:: Work instruction ::
Skip the pictures and restate, word for word, the lines from the one containing "Other Cell Phone" to the end of the data below.

• • • •

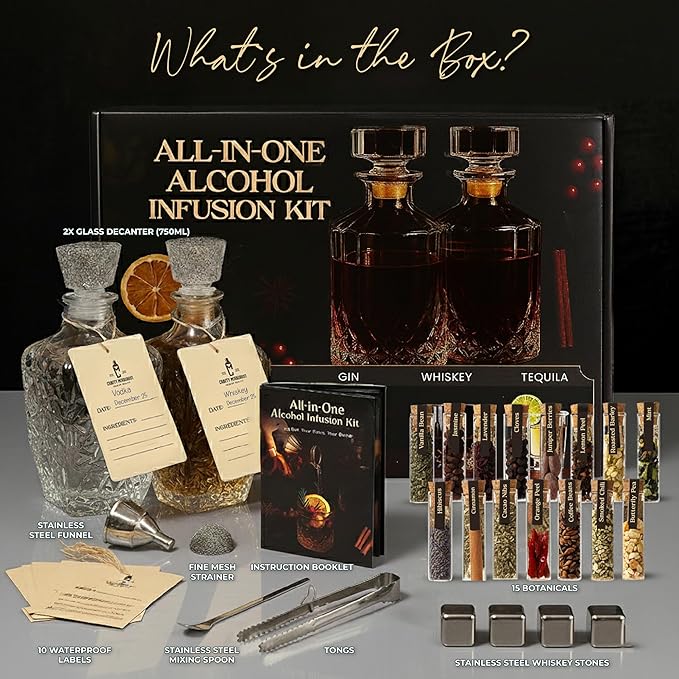 Alcohol Infusion Kit for Whiskey, Tequila, Rum, Gin & Vodka - Including User Manual - Alcohol Gifts for Men - Whiskey Gifts For Men - Drink Making Kit and Cocktail Infusion Set - DIY Whisky Making Set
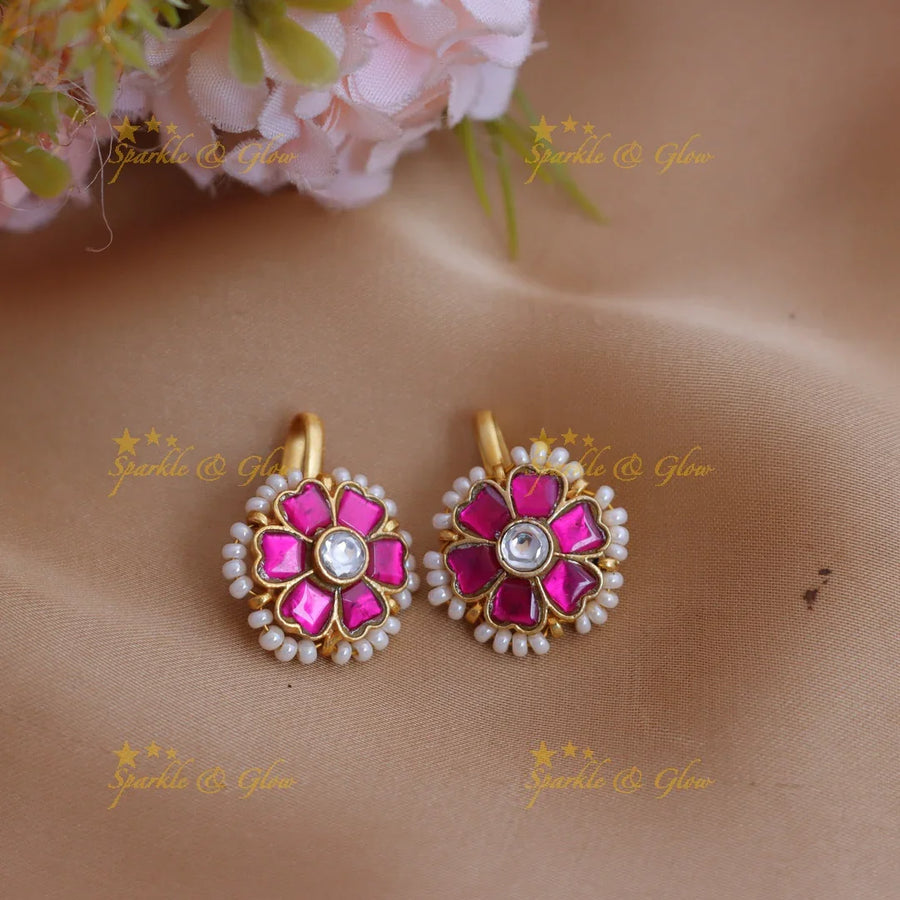 Stunning Jadau Floral Bugadi with Pearl Border and Kundan Center - Sparkle and Glow
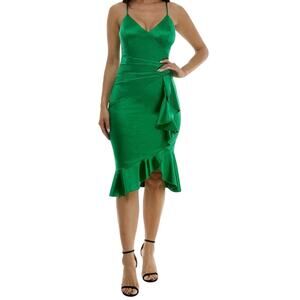 Emerald Sundae Strappy Ruffle Dress Knee Length Size Large Back Zip NEW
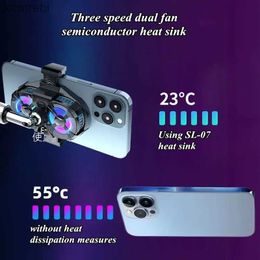 Other Cell Phone Accessories SL07 Mobile Phone 3 Gear Adjustable Semiconductor Cooling Fans System Radiator for Live Streaming Game Cooler for IPhone Android 24022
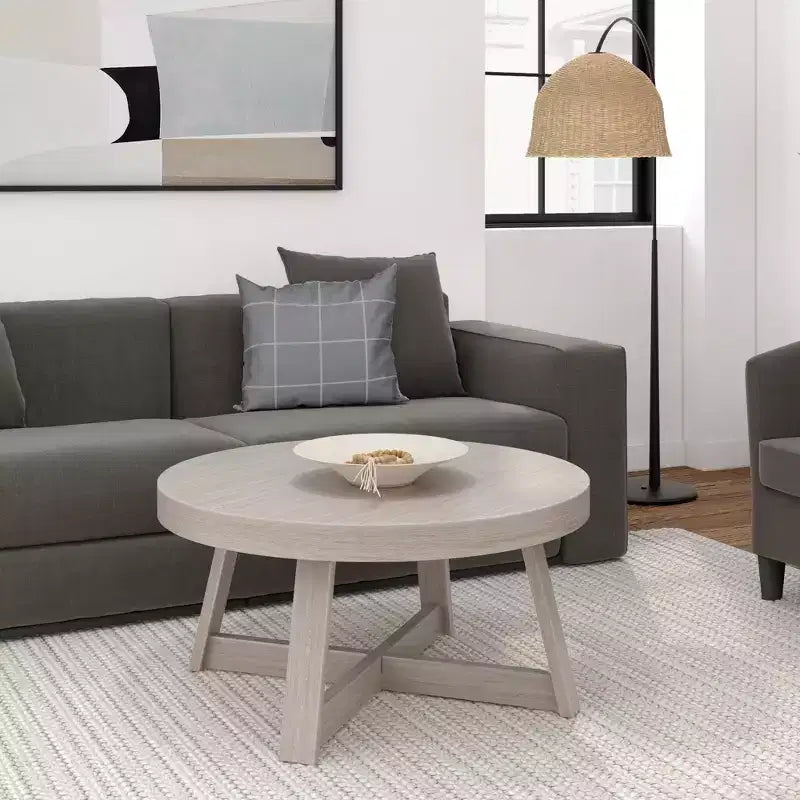 Mesa de centro redonda de madera maciza Plank+Beam Classic, 36, estilo rústico para sala de estar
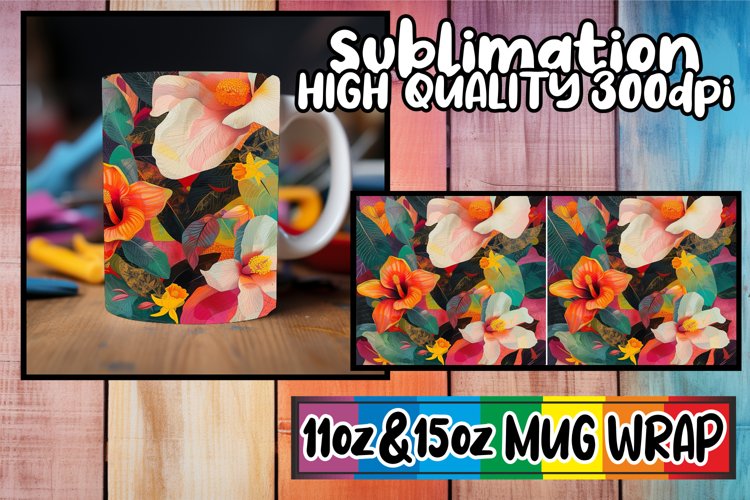 Colorful Blossom Wonderland Mug Wrap 11oz/15oz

• • • •

:: Result for this task ::
 Other Cell Phone Accessories SL07 Mobile Phone 3 Gear Adjustable Semiconductor Cooling Fans System Radiator for Live Streaming Game Cooler for IPhone Android 24022
 Mesa de centro redonda de madera maciza Plank+Beam Classic, 36, estilo rústico para sala de estar
 Colorful Blossom Wonderland Mug Wrap 11oz/15oz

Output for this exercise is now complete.